Once the MoJ Chief Statistician had judged that we were in a position to publish statistically robust interim re-conviction figures, we published them at the earliest opportunity.

b)     In your answer to 6/7 (you correctly identified that this is one question where a rogue carriage return had crept in) you referred me to “Table B3 of annex B from the MoJ’s proven re-offending statistics quarterly bulletin”. I looked at this table carefully but I could not see how it answered my query about the extent of the difference between national stats and the pilot’s stats. Please could you be more precise and show me more clearly how this factor is likely to affect comparisons. Thank you.

The two middle columns of table B3 show (for offenders released from prison or starting court orders) re-offending figures including and excluding cautions. 

Looking at the top section headed ‘Proportion’, column 2 (“Previous measure: re-convictions (prison and probation offenders only), whole year”) is the re-conviction rate excluding cautions – i.e. the Doncaster measure.

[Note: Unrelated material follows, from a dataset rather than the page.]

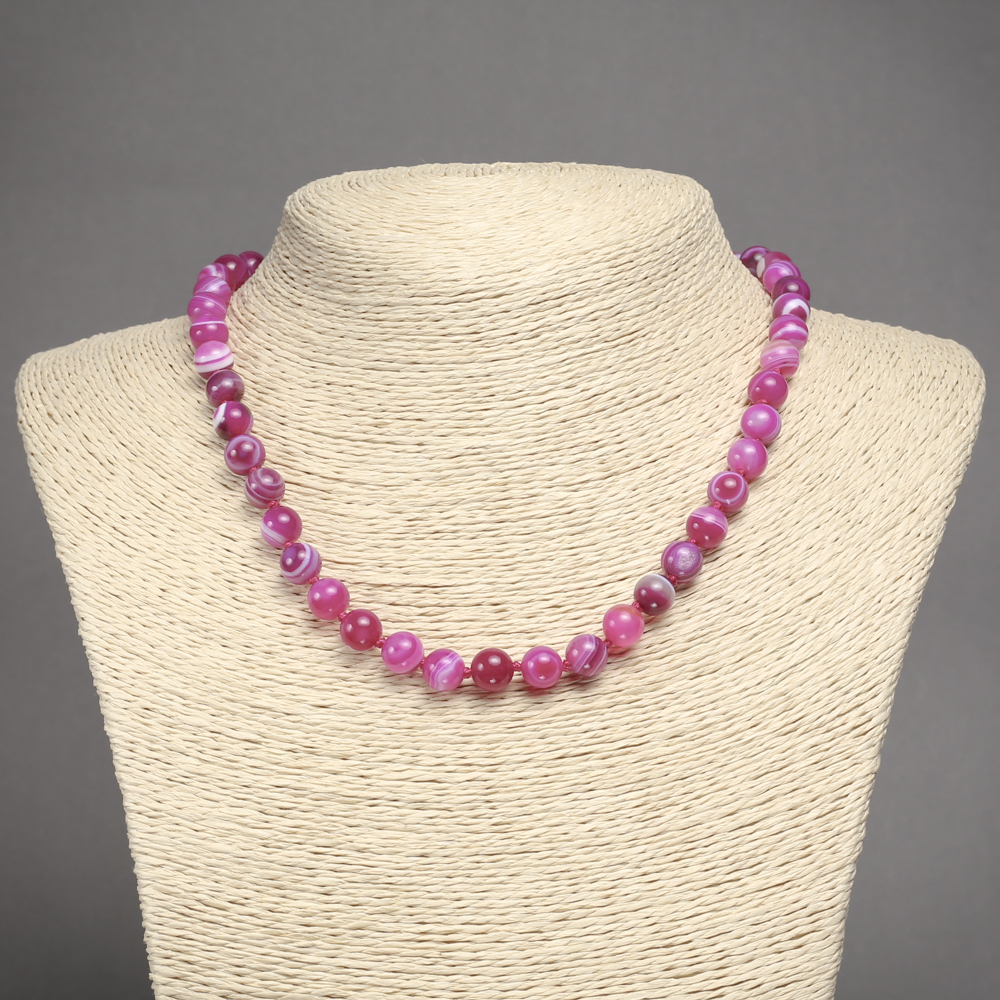 Náhrdelník z malinového achátu – hladké kuličky, průměr 8 mm, délka 45 cm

Column 3 (“New measure: re-offending (prison and probation offenders only), whole year”) is the re-offending rate, including cautions – i.e. the National Statistics measure. This shows, for example, for offenders discharged from prison or starting a court order in 2009 the proportion re-convicted was 34.7 per cent (column 2) but when we also count offences that receive a caution the proportion increases to 36.2 per cent (column 3). The difference over time is small - between 1 and 2 percentage points.

As noted in our previous response, we have not produced alternative interim figures on what the impact would be if different rules (such as including cautions) had applied to the pilots. However, the figures in table B3 show the impact at a national level of including/excluding cautions.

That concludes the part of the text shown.